### Supplied data:

Segment Open

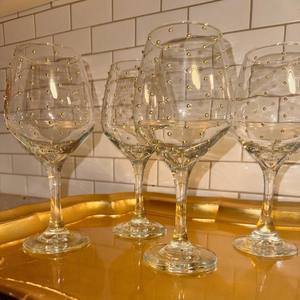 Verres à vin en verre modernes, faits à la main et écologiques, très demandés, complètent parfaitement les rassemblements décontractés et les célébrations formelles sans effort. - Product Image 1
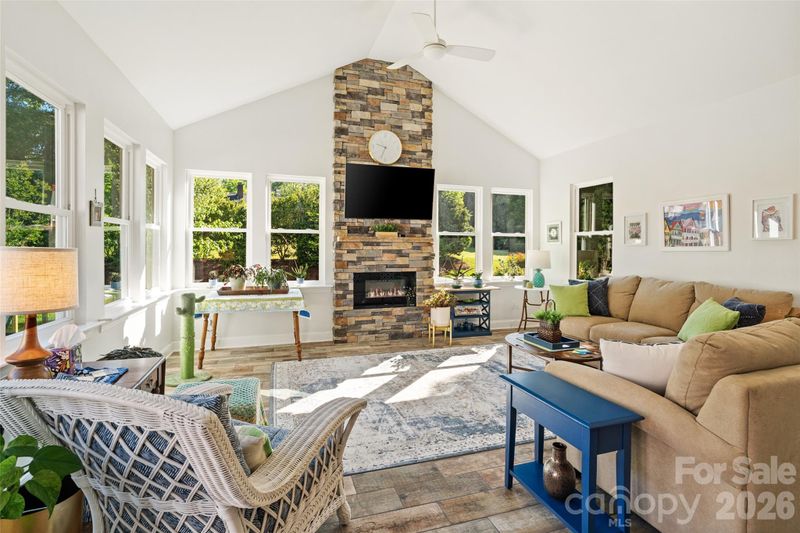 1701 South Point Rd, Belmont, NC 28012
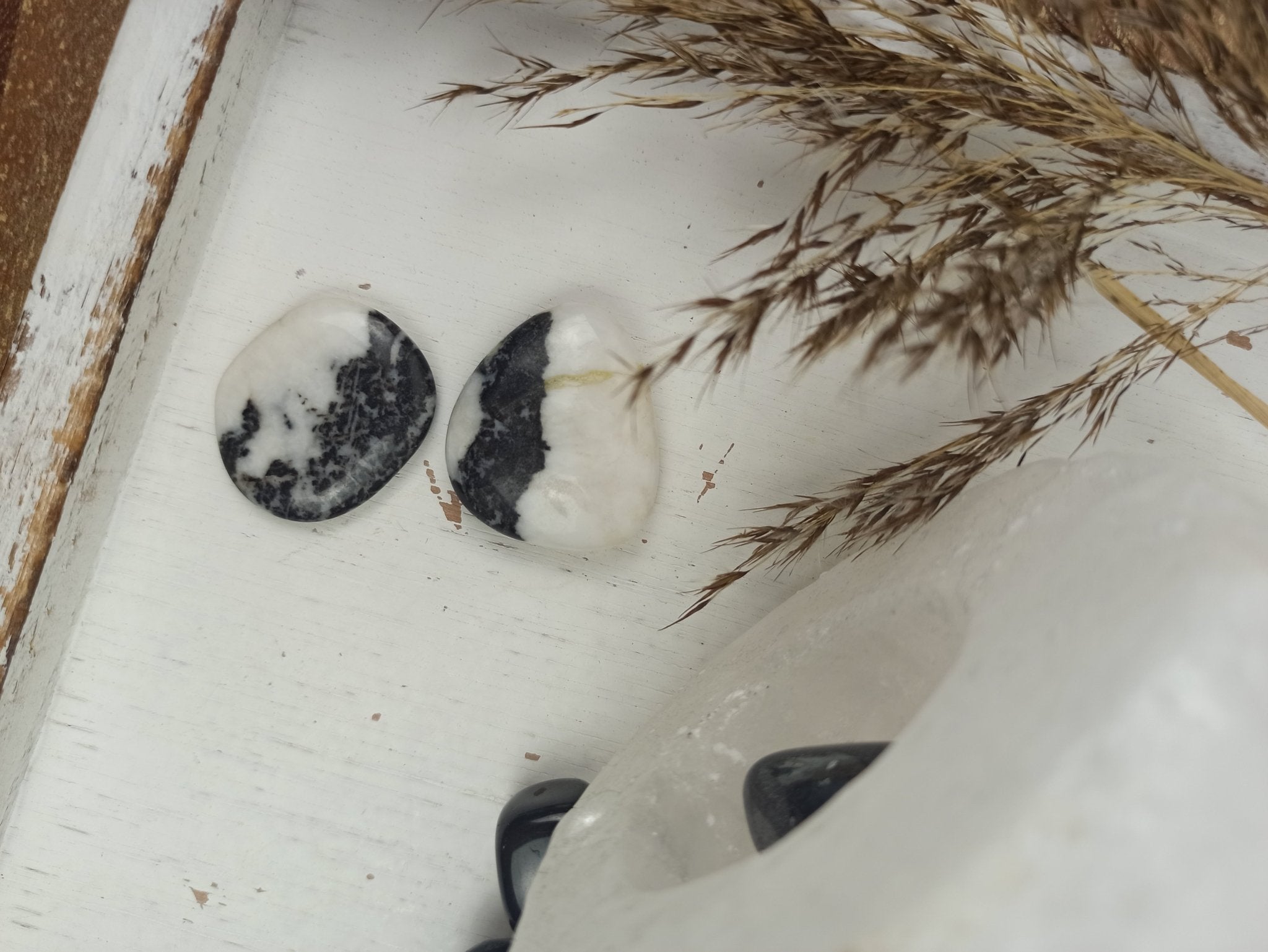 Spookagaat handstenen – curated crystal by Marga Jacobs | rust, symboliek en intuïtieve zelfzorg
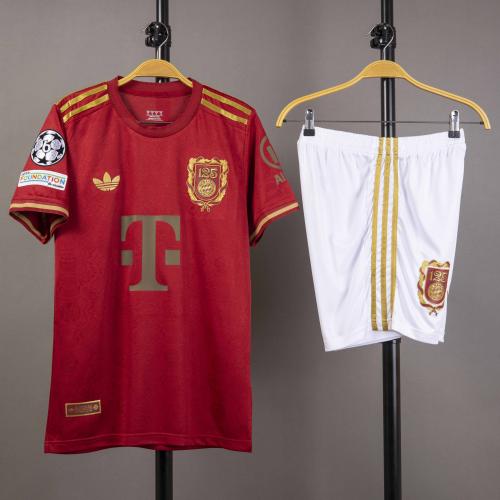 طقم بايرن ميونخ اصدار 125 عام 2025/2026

Segment Closed
Segment Open

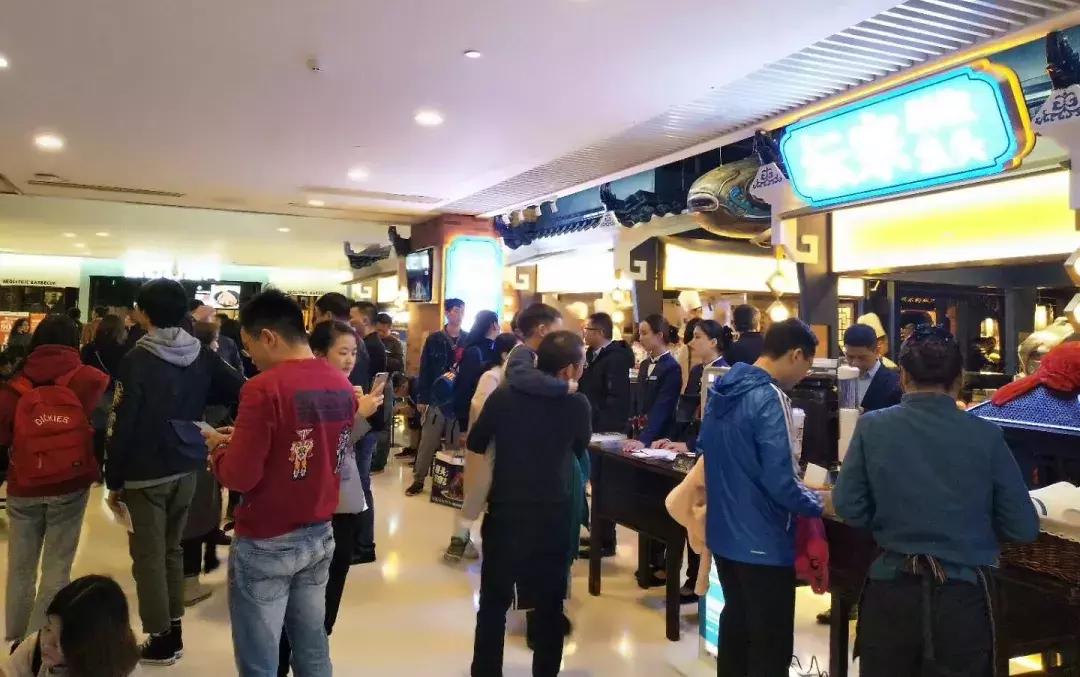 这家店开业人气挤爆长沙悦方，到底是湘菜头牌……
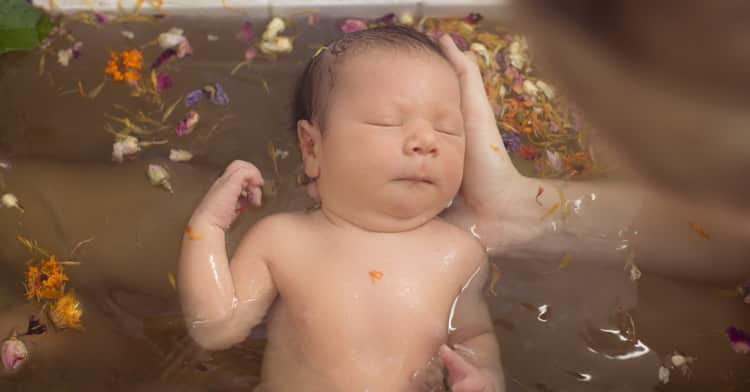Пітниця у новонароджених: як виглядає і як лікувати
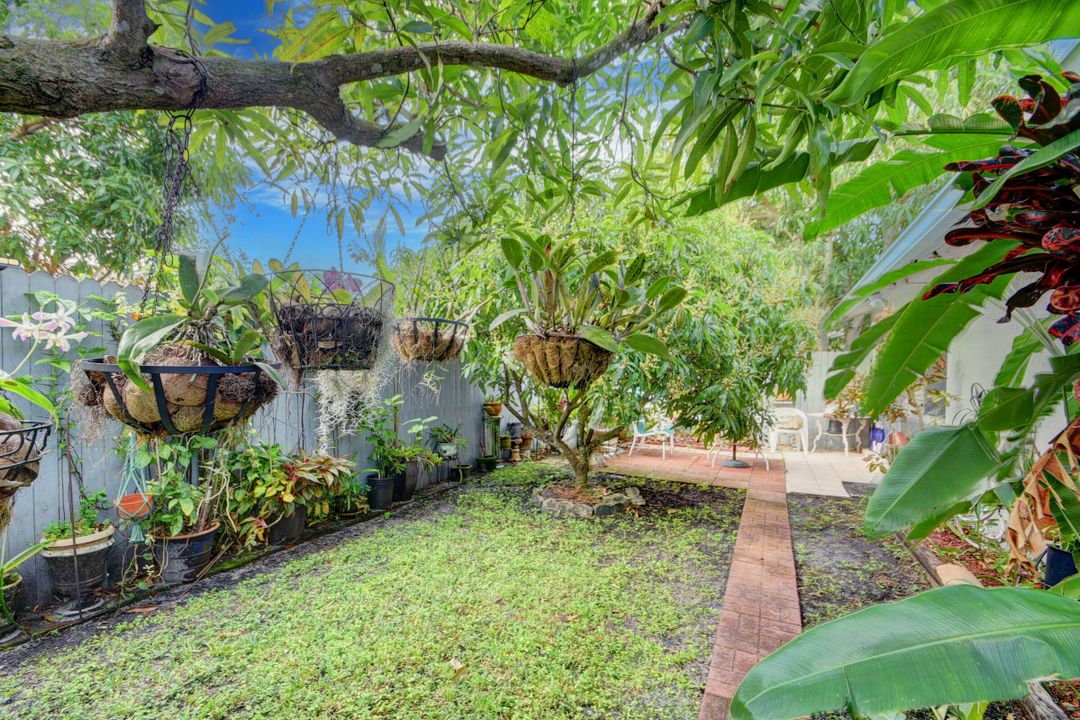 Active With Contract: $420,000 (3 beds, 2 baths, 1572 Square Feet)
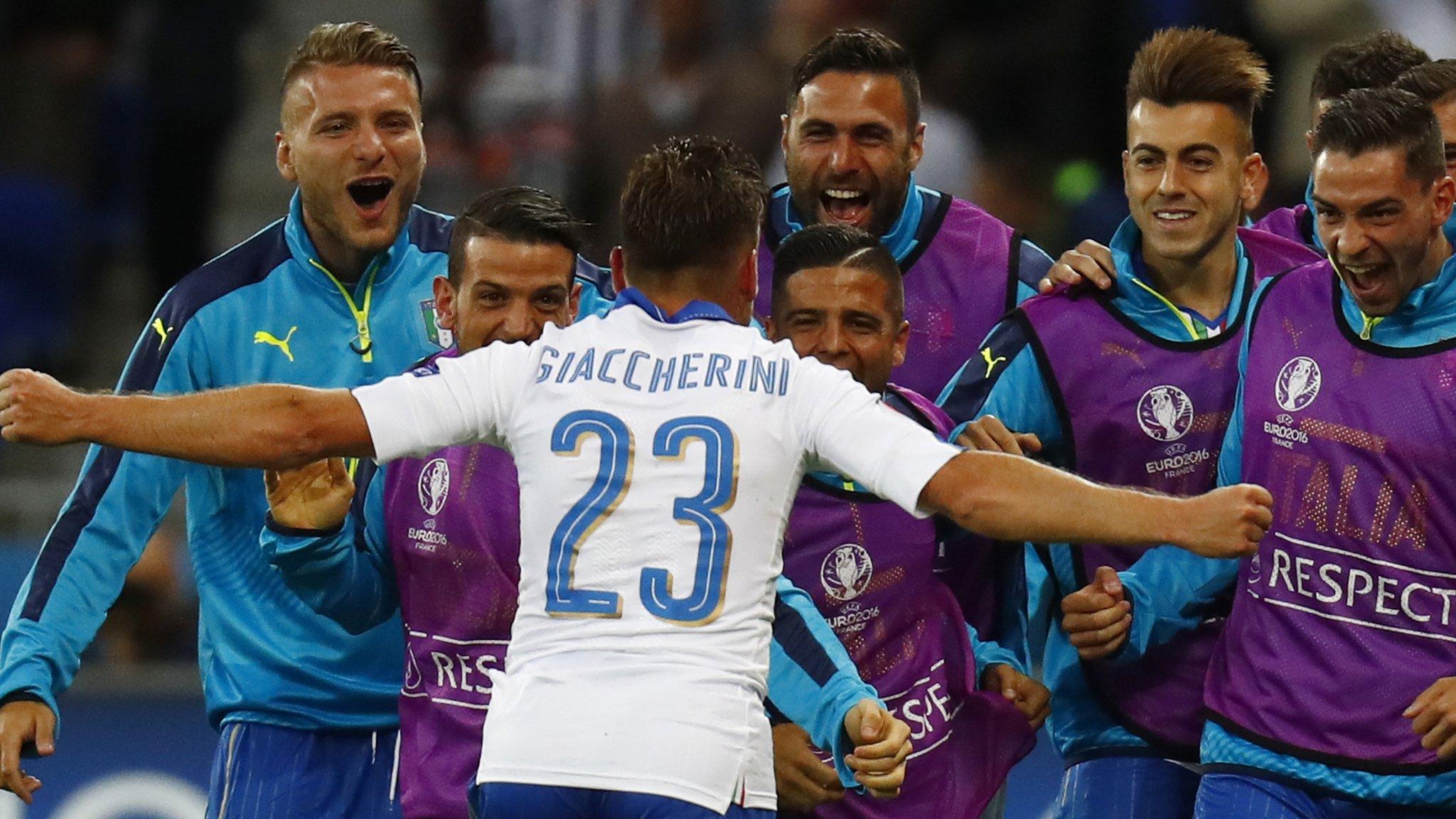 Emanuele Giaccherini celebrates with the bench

Segment Closed
Segment Open

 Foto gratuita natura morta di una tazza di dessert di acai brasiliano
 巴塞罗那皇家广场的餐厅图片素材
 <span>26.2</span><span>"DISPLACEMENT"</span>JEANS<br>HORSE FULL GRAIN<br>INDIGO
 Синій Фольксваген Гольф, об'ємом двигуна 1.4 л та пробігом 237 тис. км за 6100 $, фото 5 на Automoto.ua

Segment Closed

### Task goal:
Quote the lines above exactly, starting with the one that has "Active With Contract: $420,000" and ending with the one that has "Emanuele Giaccherini celebrates"; drop the pictures and include nothing else.

### Finished exercise:
 Active With Contract: $420,000 (3 beds, 2 baths, 1572 Square Feet)
 Emanuele Giaccherini celebrates with the bench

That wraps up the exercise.